Старуха (с ветчиной). Кабы он меня… Сохрани, господи! Ямщик (отвернувшись в сторону). Ты с ним не разговаривай… Может, ничего. Новый проезжий. Аль кто тут дерется? Ямщик. Нет, мы так… про себя. (Проезжий идет в комнату.) Прежний купец (высовывается из кухни с растрепанными волосами). Бабушка! как понесешь туда закуску, захвати мой узелок… Сделай милость. Старуха (вздыхает). Уж и не знаю!.. (Робко идет в комнату. Со двора у двери выглядывает толпа ямщиков с отдувшимися щеками, подвязанными глазами и проч.) Толпа. Где он? Ямщик (в сенях, держась за нос). Уйдите от греха! Бесстрашные!!. Толпа. Мы тогда как раз по конюшням!.. Ямщик. Где ж смотритель? Толпа. В колоде лежит… (Народ начинает между собою разговаривать; причем кто размахивается, что-то представляя, кто просит товарища посмотреть глаз, поднимая платок, и т. д. На дворе легонько гремят бубенчики. Вскоре раздается крик. Из комнаты выбегает старуха с посудой, проезжий с мешком и мещанин, держась за щеку; раздаются голоса: «Православные! Ваше высокородие!» Толпа бросается вон из сеней, и видно, как в беспорядке бежит по двору: при этом слышится голос: «Прячьтесь!») Проезжий (высовывая голову из-за двери и ворочая белками). Подайте мне их сюда!.. (Народ шумит в отдалении. Поддужный колокольчик звякает, и все затихает.)

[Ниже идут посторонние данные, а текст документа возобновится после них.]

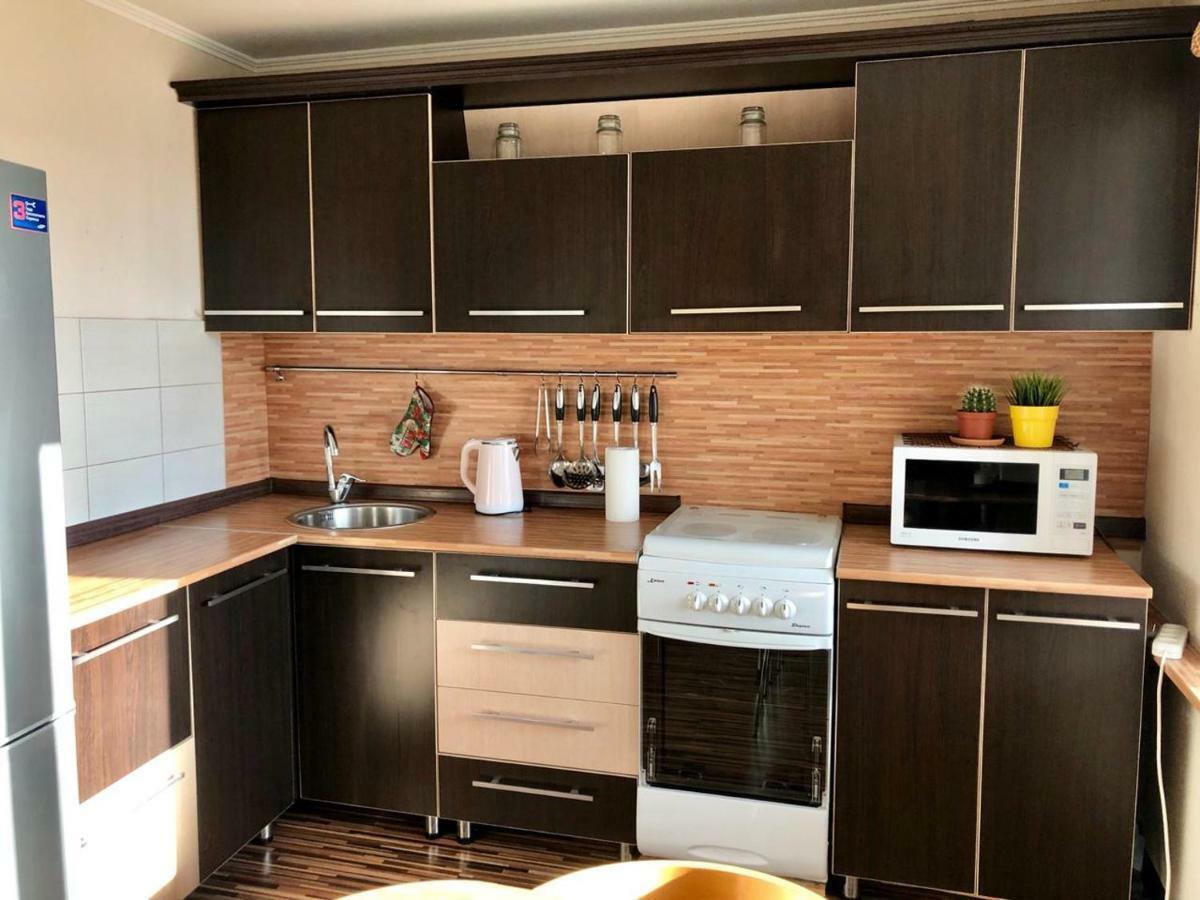 Apartment On Republic Square Ustʼ-Kamenogorsk Exterior foto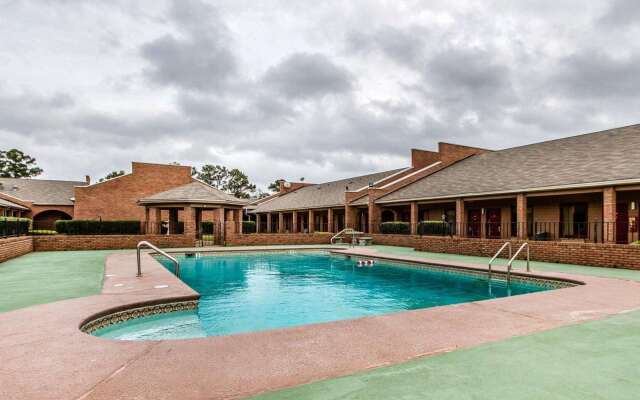 Econo Lodge Inn & Suites Enterprise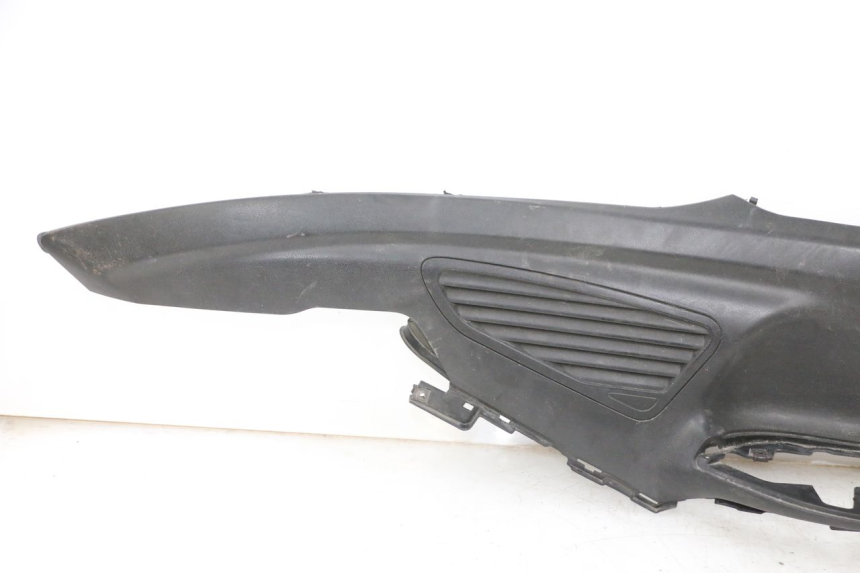 photo de TAPA REPOSAPIES CONEXION DERECHA SUZUKI BURGMAN 650 (2013 - 2020)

Почему ямщики разбежались и не придержали бойкого проезжего за руки, на что имели полное право? Просто потому, что так заведено разбегаться и прятаться. Но вот они вновь собираются, подступают к дверям комнаты, в которой сидит их обидчик. Вы думаете, они хотят посчитаться с ним, связать его, представить в суд, вы думаете, они сошлись для восстановления своих беззаконно нарушенных прав, для отмщения обид, — нет, это не заведено; они сошлись только по заведенному порядку, что надобно же поглазеть на всякую штуку, надобно, значит, поглазеть и на проезжего, который в первый раз путешествует по их тракту; они с тем собираются, чтобы вновь разбежаться по конюшням при первом его движении, и действительно разбегаются; не скажите, что делают они это под влиянием какого-нибудь чувства, собственно относящегося к этому случаю, не подумайте, например, что главная пружина тут страх или трусость собственно перед этим проезжим, — нет, главная сила тут — обычай, машинальная привычка, «так заведено». Тут действием ямщиков руководит та самая машинальность, по которой ямщик рассуждает с лошадьми, или всегда предпочитает объезд столбовой дороге, хотя бы по объезду дорога была и длиннее, и хуже, или почесывает у себя в затылке, хотя бы вовсе не чесалось, или ездит по весеннему льду до последней минуты, пока лед тронется. — Во всех этих случаях одинаково управляет отдельным человеком не расчет выгоды или невыгоды, надобности или ненадобности, опасности или безопасности совершаемого им действия в данных обстоятельствах, а машинальная привычка, нечто вроде той силы, которая направляет шаги лунатика. «Так заведено», вот и все.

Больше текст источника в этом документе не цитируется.